A MGPU program deals with multiple GPUs in one system. To manage and assign work to each GPU, MGPU creates one thread for each device. Thus to get started, a runtime environment mgpu::environment should be initialized first. This is not mandatory: some of the functionality of the MGPU library can be used from a single thread. For many of the advanced features of the library it is a requirement to initialize an environment.
By default the environment utilizes all available devices. However, you might only want to use a subset of all available GPUs in the system. The environment constructor allows you to do just that, as it accepts a mgpu::dev_group object that specifies which devices should be used.

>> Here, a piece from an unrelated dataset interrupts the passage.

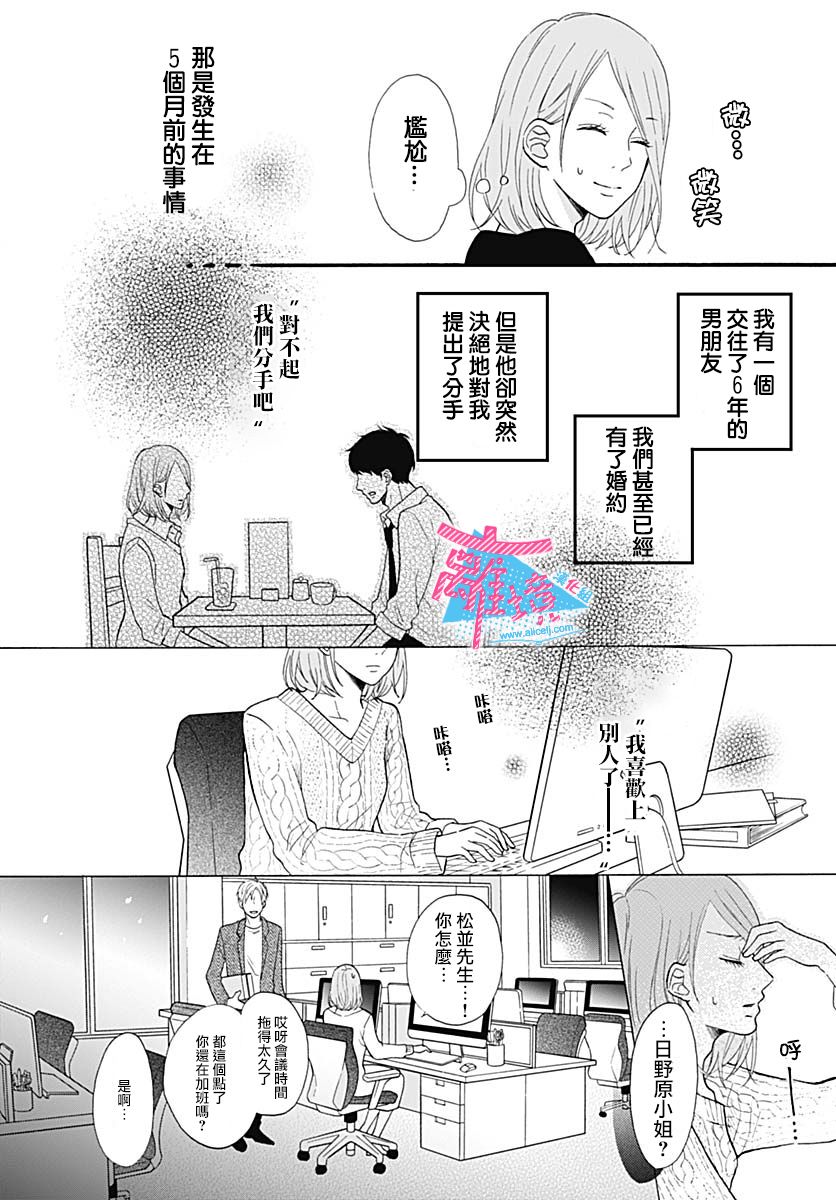 《PY说他想转正》漫画最新章节第1话免费下拉式在线观看章节第【3】张图片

#include <mgpu/environment.hpp>
#include <mgpu/backend.hpp>
using namespace mgpu;
int main(void)
{
{
// all available devices
environment e;
}
int devices = backend::get_dev_count();
if(devices > 1)
{
// explicitly specify all available devices
environment e(dev_group::from_to(0, devices));
}
if(devices > 2)
{
// use devices 0, 1 and 2
environment e(dev_group(0, 1, 2));
}
}
Since it is imperative that the mgpu::environment instance outlives any other object that relies on the environment, it is sensible to put all subsequent code in a separate scope.
Wrappers around vendor API functions a located in the mgpu::backend namespace. While still incomplete, these wrappers aim to present a unified API to different vendor interfaces such as CUDA and OpenCL.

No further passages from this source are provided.